3:45 p.m. Seudah Shlishit/”Cocktail” Hour

5 p.m. Dinner

6:30 p.m. Learning Block

  • Rabbi Rachel Isaacs, “Resilience in the Jewish Tradition”
  • Anna Wrobel, “History, Memory, and Poetry: Art as Historical Transmission”
  • Rabbi Erica Asch, “#MeToo: Consent in Traditional Jewish Texts and Modern Day Implications”
  • Rabbi Lisa Vinikoor, “What if the Rambam Came to Maine?”
  • Yotam Polizer, “Saving Lives and Building Bridges Between Enemies: IsraAID Response to the Syrian Refugee Crisis”
  • Teen Programming with Madison Slobin of Habonim Dror
  • Babysitting

8 p.m. Learning Block

  • Lily Nagy-Deak, “Wonder Women of the Tanakh”
  • Rabbi Sruli Dresdner, “Singing in the Dark: Special Late-Shabbat and Havdalah Zemirot”
  • Josh Pernick, “Well-Rooted and Flourishing: Is Innovation Allowed in the Study Hall?”
  • Zach Heiden, “Praying With Our Feet”
  • Arielle Greenberg, “Form Follows (Dys)function: Innovative Structures in Contemporary Jewish Literature

9:15 p.m. Havdalah

9:30 p.m.

  • Teen Movie and Discussion with Barbara Merson
  • Jam Session at the Thomas Outdoor Fireplace — bring your instruments!
  • Temple Shalom Auburn and Beth Israel Waterville Israel Trip Reunion


Sunday, June 10

8 a.m.

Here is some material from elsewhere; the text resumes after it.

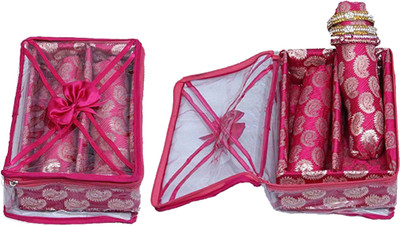 

Kuber Industries 2 Roll Brocade Bangle box With Hard Board Support Set of 2 Pcs Pink (Code-COM008) Jewellery Vanity Box(Pink)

Breakfast

9:15 a.m.

  • Rabbi Linda Motzkin, “The Making of a Torah”* (please note that this session runs until lunch, and is suitable for older children and teens as well as adults)
  • Heidi Lovitz, “The Benefits of Using ShalomLearning”
  • Jeffrey Yoskowitz, “Jewish Pickling 101: A Hands-on Workshop by Gefilteria”
  • Jonathan Posner, “The Table and the Text: Making Jewish learning and practice tangible, engaging, and delicious”
  • Rabbi Jared Saks, “Transitioning Judaism: An Exploration of Reimagined and Emerging Rituals to Include Trans, Non-Binary, and Gender Non-Conforming People in Jewish Life”
  • Babysitting

10:30 a.m.

  • Zoe Lang, “Songs from the Society of Jewish Folk Music”
  • Barbara Merson, “Enrich, Educate, Entertain: Why Watch Films with Jewish Content?”
  • Eli Rogosa, “Bread from the Earth”
  • Rabbi Carolyn Braun, Heidi Weiss, Jean Berman, “A Good Shiva: A Conversation Across Professions”
  • Teen Programming: “Jewish Artisanal Work: An Informal Conversation with Jeffrey Yoskowitz”
  • Babysitting

11:45 a.m. Plenary Session with Amy Bley: The Stories of Maine Jewish Life

12:45 p.m.

  • Lunch on your own in downtown Waterville
  • ShalomLearning Partner Lunch. All ShalomLearning Partners are invited to lunch with our staff, sponsored by ShalomLearning. Not a ShalomLearning partner yet but interested in becoming one? See Heidi Lovitz, Director of Educational Programming.
  • Jonathan Rosenbloom, “Venetian Jewish Pastry, History, and Community”

2 p.m.

  • Hands-On Shechita, Butchering, and Kashering Demo! with Chayim Goldberg
  • Closed Session: “ShalomLearning Partners Training,” Heidi Lovitz. If you are interested in participating in this training, please contact MCJL organizers.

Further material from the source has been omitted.